Das Katholische Gymnasium in Glatz, der Hauptstadt der bis 1742/1763 böhmischen Grafschaft Glatz, wurde 1597 vom Jesuitenorden im Zuge der Gegenreformation gegründet. Es hatte einen hervorragenden Ruf und bestand bis zur Auflösung 1945.

Vorgeschichte[Bearbeiten | Quelltext bearbeiten]

Die seit 1183 in Glatz nachweisbaren Johanniter, die auch als Malteser bezeichnet wurden, gründeten in der zweiten Hälfte des 13. Jahrhunderts die Glatzer Johanniterkommende, der eine Lateinschule angegliedert war. Diese besuchte in den Jahren 1305 bis 1310 der spätere erste Erzbischof von Prag, Ernst von Pardubitz. Er begründete 1350 am Fuß des Schlossberges das Augustiner-Chorherrenstift Glatz, an dem mit Rücksicht auf die Johanniter zunächst keine Lateinschule betrieben werden durfte. Nach dem Tod des Erzbischofs Ernst („Arnestus“) 1364 genehmigte sein Nachfolger Johann Očko von Wlašim den Augustinerchorherren ebenfalls eine Lateinschule, so dass bereits 1365 in Glatz zwei Bildungsstätten bestanden.

Geschichte des Gymnasiums[Bearbeiten | Quelltext bearbeiten]

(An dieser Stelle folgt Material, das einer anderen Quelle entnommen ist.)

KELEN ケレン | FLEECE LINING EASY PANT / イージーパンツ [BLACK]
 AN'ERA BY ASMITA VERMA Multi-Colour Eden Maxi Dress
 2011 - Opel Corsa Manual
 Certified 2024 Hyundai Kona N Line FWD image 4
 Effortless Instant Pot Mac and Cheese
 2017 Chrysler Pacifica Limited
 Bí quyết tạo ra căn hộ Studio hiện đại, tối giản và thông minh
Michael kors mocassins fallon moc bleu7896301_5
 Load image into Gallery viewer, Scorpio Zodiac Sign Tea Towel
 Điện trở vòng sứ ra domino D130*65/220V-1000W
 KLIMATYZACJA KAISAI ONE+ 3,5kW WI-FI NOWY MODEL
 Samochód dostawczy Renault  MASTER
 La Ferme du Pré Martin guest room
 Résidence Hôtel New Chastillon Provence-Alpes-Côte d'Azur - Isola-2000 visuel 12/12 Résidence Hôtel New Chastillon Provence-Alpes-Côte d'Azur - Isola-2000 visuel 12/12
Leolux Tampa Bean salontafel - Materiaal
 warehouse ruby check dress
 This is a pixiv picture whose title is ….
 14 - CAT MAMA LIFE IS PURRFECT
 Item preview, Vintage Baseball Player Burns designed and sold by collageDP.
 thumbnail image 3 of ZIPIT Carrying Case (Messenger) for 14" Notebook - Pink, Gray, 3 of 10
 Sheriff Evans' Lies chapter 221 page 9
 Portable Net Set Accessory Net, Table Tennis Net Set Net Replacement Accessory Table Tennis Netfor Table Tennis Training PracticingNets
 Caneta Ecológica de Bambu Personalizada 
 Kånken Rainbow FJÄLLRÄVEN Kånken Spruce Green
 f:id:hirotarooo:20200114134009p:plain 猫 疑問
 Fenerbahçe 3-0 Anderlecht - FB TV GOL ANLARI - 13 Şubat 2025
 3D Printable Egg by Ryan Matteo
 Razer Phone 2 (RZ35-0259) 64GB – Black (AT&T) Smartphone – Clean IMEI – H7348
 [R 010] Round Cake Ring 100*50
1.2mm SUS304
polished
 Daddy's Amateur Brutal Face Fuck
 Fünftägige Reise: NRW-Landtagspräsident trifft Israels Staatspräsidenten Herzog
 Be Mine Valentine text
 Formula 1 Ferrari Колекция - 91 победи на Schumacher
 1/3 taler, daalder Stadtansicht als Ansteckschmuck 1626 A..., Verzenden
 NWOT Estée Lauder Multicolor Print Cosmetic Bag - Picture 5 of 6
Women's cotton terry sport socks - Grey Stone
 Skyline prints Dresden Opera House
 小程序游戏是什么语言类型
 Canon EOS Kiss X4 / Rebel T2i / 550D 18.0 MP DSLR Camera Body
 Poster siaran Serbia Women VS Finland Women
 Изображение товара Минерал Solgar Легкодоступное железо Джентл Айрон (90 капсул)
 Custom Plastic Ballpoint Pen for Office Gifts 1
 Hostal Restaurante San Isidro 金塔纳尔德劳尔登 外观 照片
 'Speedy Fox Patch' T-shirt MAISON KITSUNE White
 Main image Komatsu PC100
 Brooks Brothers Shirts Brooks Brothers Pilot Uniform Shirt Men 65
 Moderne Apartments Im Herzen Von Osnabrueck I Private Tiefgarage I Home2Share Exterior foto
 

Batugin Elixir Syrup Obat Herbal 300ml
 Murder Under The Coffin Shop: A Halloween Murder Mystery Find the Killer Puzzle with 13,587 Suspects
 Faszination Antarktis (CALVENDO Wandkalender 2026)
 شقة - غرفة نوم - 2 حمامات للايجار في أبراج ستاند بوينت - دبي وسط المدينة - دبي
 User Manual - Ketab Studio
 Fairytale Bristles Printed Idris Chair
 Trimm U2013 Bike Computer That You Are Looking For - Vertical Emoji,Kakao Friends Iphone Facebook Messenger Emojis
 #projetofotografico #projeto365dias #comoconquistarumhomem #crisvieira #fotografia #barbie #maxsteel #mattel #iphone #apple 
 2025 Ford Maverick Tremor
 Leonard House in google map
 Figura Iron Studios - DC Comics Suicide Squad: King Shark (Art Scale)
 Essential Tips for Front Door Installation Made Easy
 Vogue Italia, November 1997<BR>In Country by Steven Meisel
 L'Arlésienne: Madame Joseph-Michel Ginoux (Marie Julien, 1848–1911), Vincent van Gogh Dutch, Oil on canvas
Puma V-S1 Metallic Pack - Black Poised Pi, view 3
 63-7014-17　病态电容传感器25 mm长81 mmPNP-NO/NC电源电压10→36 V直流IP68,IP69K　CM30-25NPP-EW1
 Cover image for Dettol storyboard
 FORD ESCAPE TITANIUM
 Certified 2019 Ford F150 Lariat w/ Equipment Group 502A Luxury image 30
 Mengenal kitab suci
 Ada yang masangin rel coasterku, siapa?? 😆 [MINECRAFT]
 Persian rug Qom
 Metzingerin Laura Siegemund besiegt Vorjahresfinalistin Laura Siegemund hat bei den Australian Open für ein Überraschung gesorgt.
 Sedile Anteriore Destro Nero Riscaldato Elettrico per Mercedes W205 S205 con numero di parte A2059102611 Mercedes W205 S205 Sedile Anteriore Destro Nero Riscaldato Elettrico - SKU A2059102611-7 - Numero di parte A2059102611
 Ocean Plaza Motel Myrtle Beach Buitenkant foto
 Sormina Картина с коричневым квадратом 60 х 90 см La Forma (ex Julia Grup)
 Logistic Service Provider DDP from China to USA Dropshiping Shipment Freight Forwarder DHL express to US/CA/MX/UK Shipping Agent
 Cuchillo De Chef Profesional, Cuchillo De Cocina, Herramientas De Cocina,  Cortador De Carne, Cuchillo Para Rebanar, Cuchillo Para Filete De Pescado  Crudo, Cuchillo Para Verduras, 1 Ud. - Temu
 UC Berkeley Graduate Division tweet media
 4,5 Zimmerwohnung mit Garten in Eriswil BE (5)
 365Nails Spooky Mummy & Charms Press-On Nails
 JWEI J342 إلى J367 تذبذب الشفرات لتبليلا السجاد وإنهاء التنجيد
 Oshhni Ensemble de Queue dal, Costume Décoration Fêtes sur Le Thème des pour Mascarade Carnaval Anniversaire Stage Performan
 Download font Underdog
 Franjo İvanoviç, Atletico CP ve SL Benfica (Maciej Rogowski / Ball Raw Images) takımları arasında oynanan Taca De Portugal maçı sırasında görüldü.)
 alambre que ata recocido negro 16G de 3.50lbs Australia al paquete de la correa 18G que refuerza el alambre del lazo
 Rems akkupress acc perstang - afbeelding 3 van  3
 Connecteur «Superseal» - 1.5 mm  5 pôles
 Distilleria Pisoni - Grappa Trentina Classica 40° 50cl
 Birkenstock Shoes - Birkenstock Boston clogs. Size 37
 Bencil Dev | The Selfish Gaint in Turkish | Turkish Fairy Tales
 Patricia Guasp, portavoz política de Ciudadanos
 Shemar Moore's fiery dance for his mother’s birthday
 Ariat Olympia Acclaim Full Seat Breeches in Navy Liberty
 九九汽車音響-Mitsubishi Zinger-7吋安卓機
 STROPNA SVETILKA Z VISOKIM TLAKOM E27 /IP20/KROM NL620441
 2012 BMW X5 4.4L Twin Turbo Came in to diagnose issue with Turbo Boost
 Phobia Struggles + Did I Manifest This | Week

Als während der Reformation das Chorherrenstift weitgehend untergegangen war und 1596 die Seelsorge in den zugehörigen Stiftsdörfern mit nur noch sechs Mönchen nicht gewährleistet werden konnte, setzte sich der letzte Propst Christoph Kirmeser dafür ein, das Augustinerstift an die Jesuiten zu übertragen. Da der Prager Erzbischof Zbynko Berka von Duba und Leipa Kirmesers Antrag abgelehnt hatte, wandte sich Kirmeser unmittelbar an Papst Clemens VIII., der am 9. März 1595 mit dem Breve „De erigendo collegio et schola patrum Societatis Jesu“ das Augustinerstift in ein Jesuitenkolleg umwandelte und zugleich u. a. bestimmte, dass die Jesuiten in Glatz eine Schule unterhalten sollen. Gegen diese Entscheidung protestierte der (lutherische) Glatzer Stadtrat. Trotzdem übergaben am 28. September 1597 zwei Kaiserliche Räte und der Prager Propst Leopold Popel von Lobkowitz das Stift dem Jesuitenorden, der in den Räumen des Augustinerstifts das Glatzer Jesuitenkolleg begründete. Die Jesuiten bauten die vormalige Lateinschule zu einem sechsklassigen Gymnasium aus. Da die überwiegend lutherischen Einheimischen das katholische Gymnasium weitgehend ablehnten, kamen die Schüler teilweise „aus Böhmen, Polen, Ungarn etc.“ Der Grüssauer Abt Caspar II. Ebert entsandte fünf Schüler nach Glatz, das Breslauer Prämonstratenserkloster zwei Schüler. Um die Schüler dem Einfluss vor allem ihrer (lutherischen) Wohnungswirte zu entziehen, erwarben die Jesuiten 1614 in der Nähe des Kollegs ein Haus, in dem sie ein Konvikt einrichteten. 1616 bezog das Gymnasium ein neues Gebäude am Schloßberg, da die Räume der vormaligen Lateinschule zu eng geworden waren.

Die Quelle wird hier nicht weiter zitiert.